The Japanese Journal of Educational Psychology
Online ISSN : 2186-3075
Print ISSN : 0021-5015
ISSN-L : 0021-5015
Volume 31, Issue 2
Displaying 1-16 of 16 articles from this issue
  • Chitoshi Araragi
    1983 Volume 31 Issue 2 Pages 102-112
    Published: June 30, 1983
    Released on J-STAGE: February 19, 2013
    JOURNAL FREE ACCESS
    The purpose of this study was to investigate the effect of the jigsaw learning method on children's academic performance and learning attitude.
    The jigsaw learning requiring children to work together and mutually teach each other in order to have children depend on each other to accomplish their learning goals, used one of small group learning methods based on coopration and peer teaching. In this learning method, classroom children were divided into several jigsaw groups made of five or six children each. Each counterpart group composed of one child drawn from each jigsaw group was given one segment of the learning materials divided into as many parts as the number of counterpart groups (counterpart session). After learning of the counterpart session, children had to return to each jigsaw group and teach one another what they had learned, and hence they learned the total learning materials (jigsaw session).

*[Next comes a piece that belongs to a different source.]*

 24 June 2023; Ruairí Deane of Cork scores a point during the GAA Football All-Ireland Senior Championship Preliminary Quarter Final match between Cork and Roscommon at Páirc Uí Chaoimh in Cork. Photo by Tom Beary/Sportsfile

    Subjects in the experiment were four hundred and fourty-one fourth, fifth and sixth graders. Subjects were divided at random into the four conditions as a unit of a classroom. The conditions used were as follows: At the first, the traditional whole-class learning method (control condition); second, the jigsaw method taken place for six or seven hours per week for six weeks (short condition); third, the jigsaw method for twelve weeks (long condition); and fourth, the jigsaw method for twelve weeks during which half the members of counterpart and jigsaw groups were changed at the beginning of the seven weeks (rotation condition). Jigsaw and counterpart groups were controlled in terms of sex, the relation of sociometric choice and degree of academic performance, respectively. To testify the jigsaw learning method, the subjects of national language and social studies were used.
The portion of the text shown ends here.